Re: [IndexDB] Proposal for async API changes from Jonas Sicking on 2010-06-09 (public-webapps@w3.org from April to June 2010)

From: Jonas Sicking <jonas@sicking.cc>
Date: Wed, 9 Jun 2010 11:25:05 -0700
To: Jeremy Orlow <jorlow@chromium.org>
Cc: Shawn Wilsher <sdwilsh@mozilla.com>, Webapps WG <public-webapps@w3.org>
Message-ID: <AANLkTikxufeJMAmtc8-hCSmxYj8mnhg8bNfwXBFN28k3@mail.gmail.com>
On Wed, Jun 9, 2010 at 7:42 AM, Jeremy Orlow <jorlow@chromium.org> wrote:
> On Tue, May 18, 2010 at 8:34 PM, Jonas Sicking <jonas@sicking.cc> wrote:
>>
>> On Tue, May 18, 2010 at 12:10 PM, Jeremy Orlow <jorlow@chromium.org>
>> wrote:
>> > I'm not sure I like the idea of offering sync cursors either since the
>> > UA
>> > will either need to load everything into memory before starting or risk
>> > blocking on disk IO for large data sets.  Thus I'm not sure I support
>> > the
>> > idea of synchronous cursors.  But, at the same time, I'm concerned about
>> > the
>> > overhead of firing one event per value with async cursors.  Which is
>> > why I
>> > was suggesting an interface where the common case (the data is in
>> > memory) is
>> > done synchronously but the uncommon case (we'd block if we had to
>> > respond
>> > synchronously) has to be handled since we guarantee that the first time
>> > will
>> > be forced to be asynchronous.
>> > Like I said, I'm not super happy with what I proposed, but I think some
>> > hybrid async/sync interface is really what we need.  Have you guys spent
>> > any
>> > time thinking about something like this?  How dead-set are you on
>> > synchronous cursors?
>>
>> The idea is that synchronous cursors load all the required data into
>> memory, yes. I think it would help authors a lot to be able to load
>> small chunks of data into memory and read and write to it
>> synchronously.
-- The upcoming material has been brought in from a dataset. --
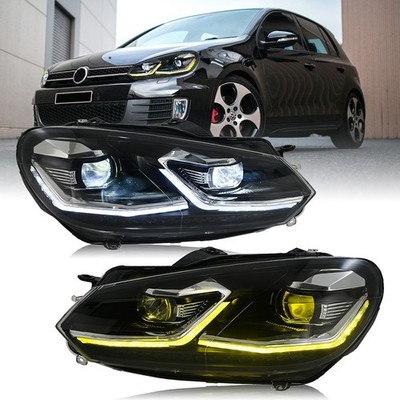 Full LED Headlights For 2010-2014 VW Golf 6 MK6 Projector Lamp w/Sequential Turn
Dealing with asynchronous operations constantly is
>> certainly possible, but a bit of a pain for authors.
>>
>> I don't think we should obsess too much about not keeping things in
>> memory, we already have things like canvas and the DOM which adds up
>> to non-trivial amounts of memory.
>>
>> Just because data is loaded from a database doesn't mean it's huge.
>>
>> I do note that you're not as concerned about getAll(), which actually
>> have worse memory characteristics than synchronous cursors since you
>> need to create the full JS object graph in memory.
>
> I've been thinking about this off and on since the original proposal was
> made, and I just don't feel right about getAll() or synchronous cursors.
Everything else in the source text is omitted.